Книга об отце (Ева и Фритьоф) (Нансен-Хейер) - страница 142

Доддо страшно покраснел, а мама не удержалась и рассмея­лась. Но чаще я вежливо выслушивала его благожелательные по­учения. Став постарше, я по-настоящему оценила и его «привередство», и сердечную доброту.

Если в гости приезжал Мольтке My, лес и горы словно ожи­вали. Гуляя с ним, я увидела и троллей, что живут на Окленут, и пляски хульдр на болотах. В письме другу Мольтке так описал свой первый приезд в Сёркье:

«В Сёркье было замечательно — уголок, недосягаемый для внешнего мира, высоко над долиной и людской суетой... Неудивительно, что Нан­сенам там нравится. Такой веселой и радостной я никогда еще не видал госпожу Нансен — она загорела дочерна, и я даже сказал ей, что осенью в Германии ее, пожалуй, примут за негритянскую знаменитость.
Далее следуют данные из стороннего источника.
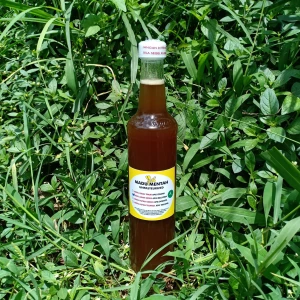 Madu murni mentah apis mellifera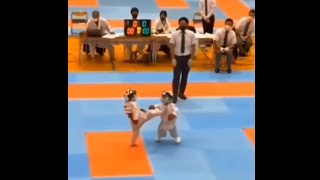 Karate Kids Funny Fighting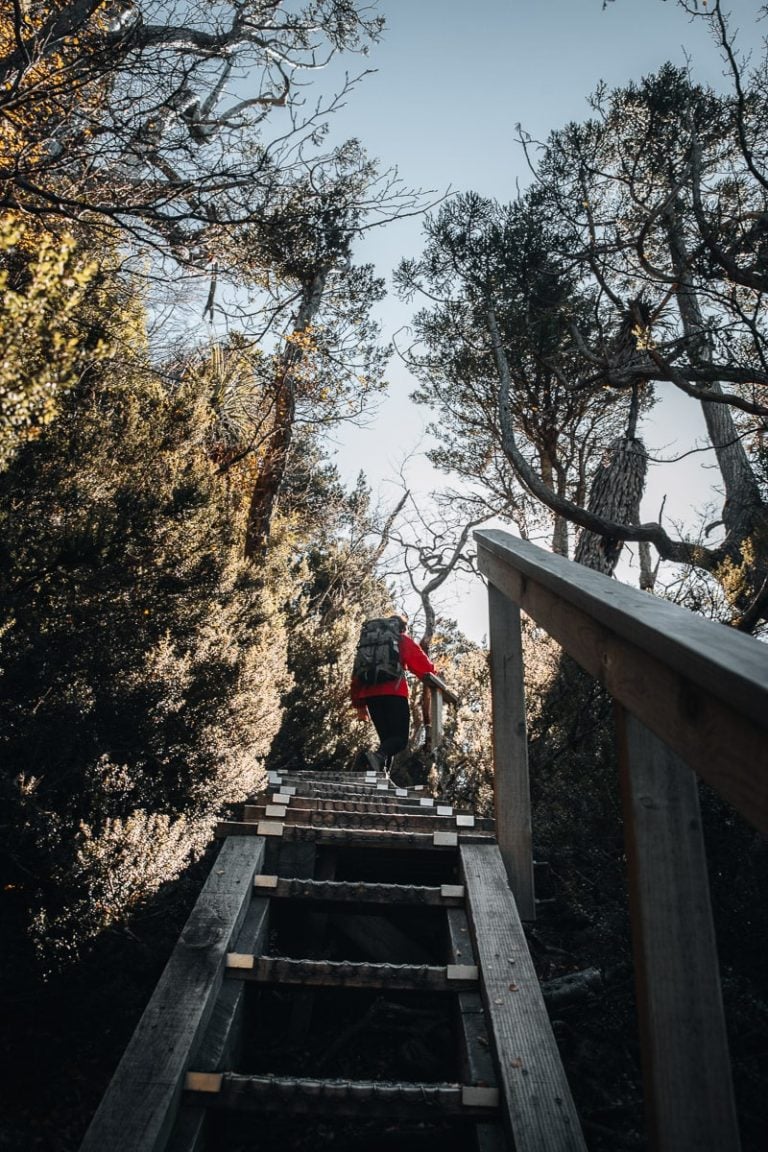 How to Hike Dove Lake Circuit in Cradle Mountain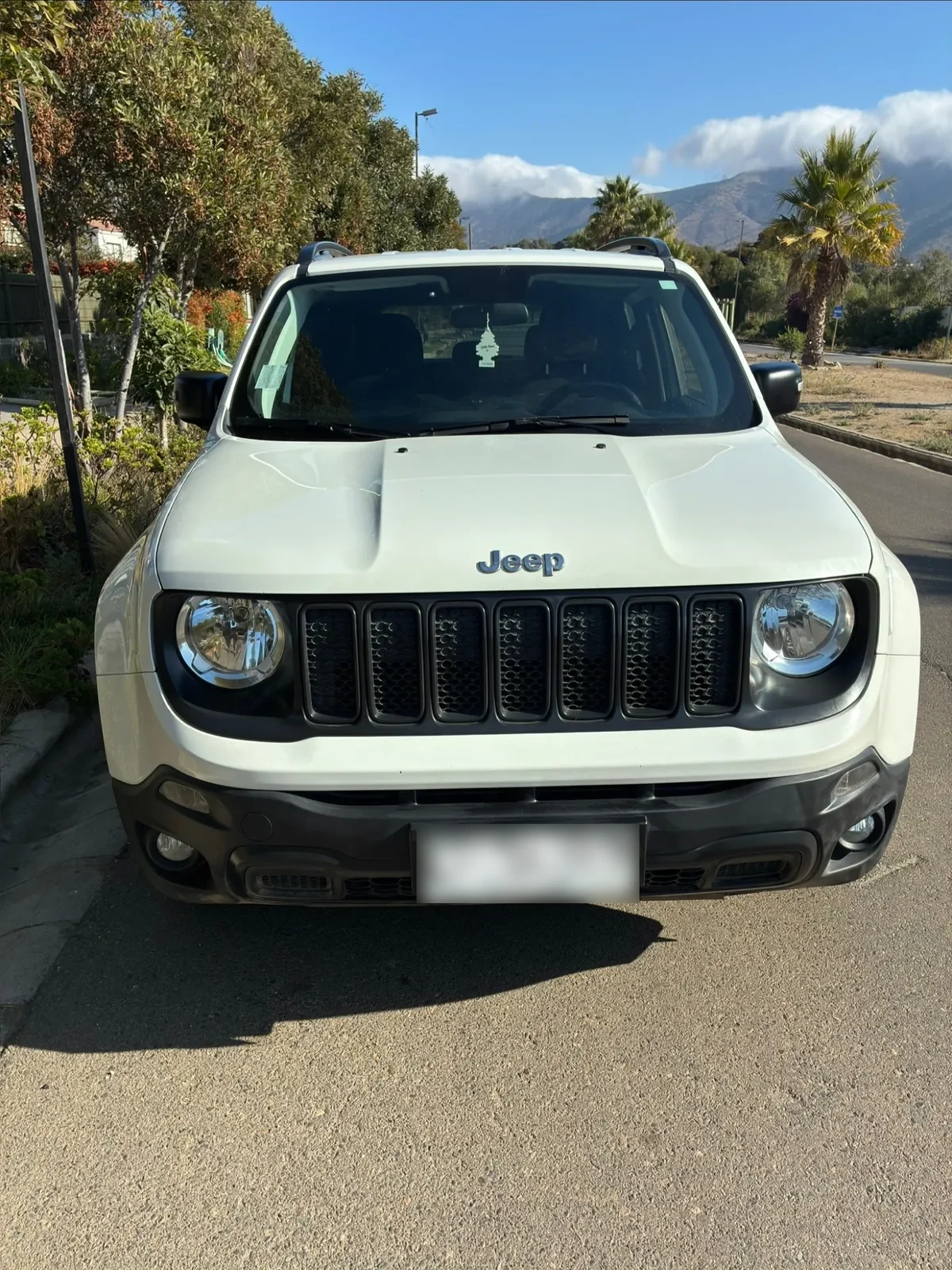 Jeep Renegade Otra año 2019
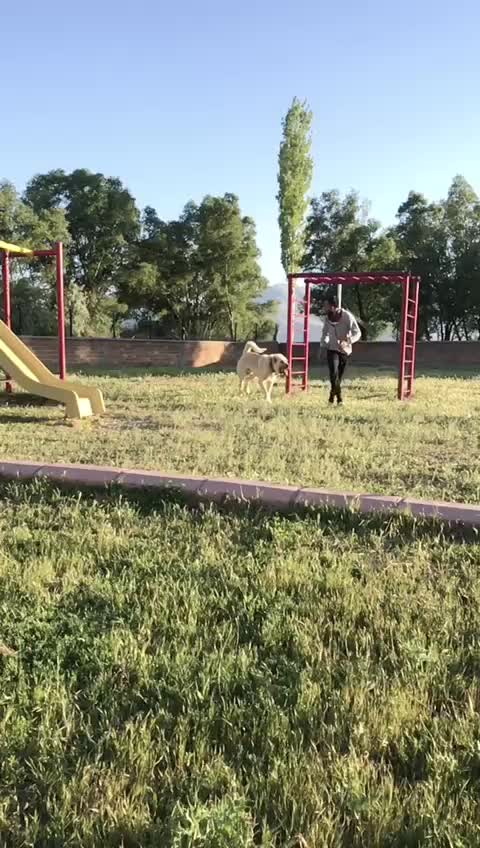 @Eray Sarıçiçek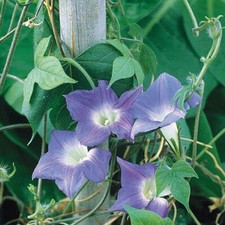 Thompson & Morgan Morning Glory Mini Sky Blue Seed Garden Plants 1 Pack 30 Seeds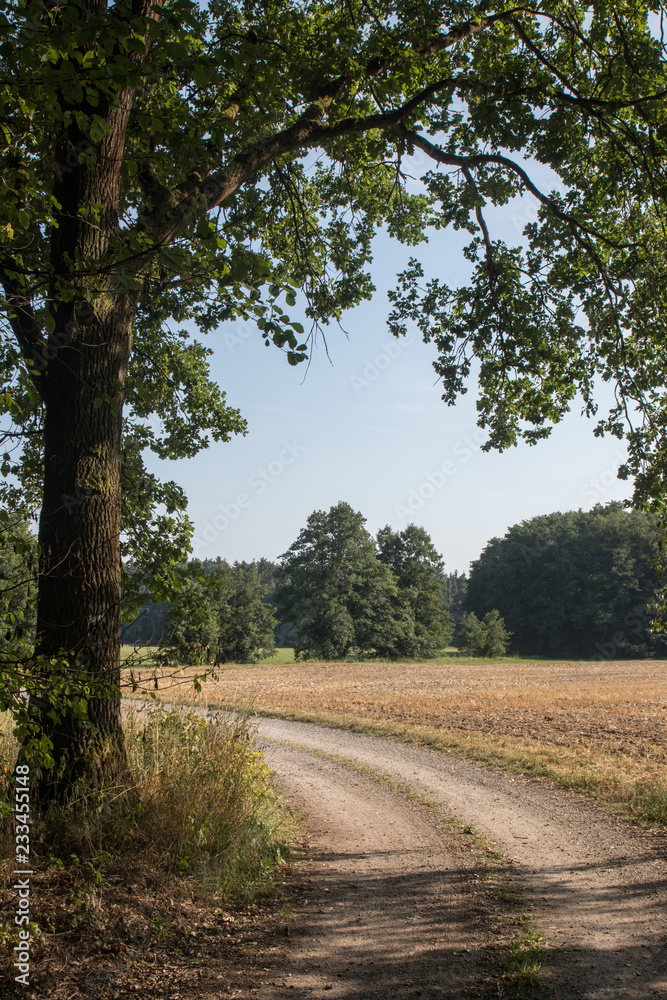 summer landscape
А  дети!   Для   них  ведь  и  так  жизнь  всегда  прекрасна,  но   такой прекрасной, как тут, и у них, пожалуй, еще не было. Лив, как и ее матушка, тоже скоро будет негритянкой, у нее руки и шея темные, как старая карельская береза, и она покрыта ссадинами и царапинами, так что мое сравнение очень подходит. Весь день с раннего утра до вечера, который Лив встречает горькими слезами, потому что ее укладывают и не дают больше играть, она то гостит на сетере, то смотрит, как работает маляр, который еще не докрасил стены ком­наты, то кубарем скатывается с горки или с хворостиной провожает коров на выгон, или часами возится с ягнятами и козами. Коре тоже души не чает в ягнятах, хотя, может быть, больше любит коз с колокольчиками. Он вперевалочку входит в самую середину стада и хватает их ручонками, но, потеряв равновесие, опрокидывается и, лежа на земле, только закрывается от коз толстыми ручонками, чтобы шерсть в глаза не летела, а козы перескакивают через него, бывает и топчут — а он ни разу не пикнет, даже если наступят ему прямо на живот.

«Гуль, гуль»,— говорит он, как только коз приведут домой. Зато, пожа­луй, это единственное слово, которое я от него слышал, кроме еще слова «му-му», когда он видит коров.

Мы с ним стали большими друзьями. По утрам он всегда прихо­дит ко мне, когда я моюсь, и с восхищением разглядывает мое воло­сатое тело. Он вразвалочку заходит то с одного боку, то с другого и все время таращит на меня глазенки, серьезно, как поп. И пощипы­вает волосы то на одной ноге, то на другой, потом на руках. А по­том он внимательно разглядывает свои руки, нет ли и у него такого же чуда. Он определенно пошел в отца, прирожденный исследователь, и к тому же не знает, что такое страх. Он теперь такой толстяк, наверное, вдвое против прежнего, этакая кубышка перекатывается».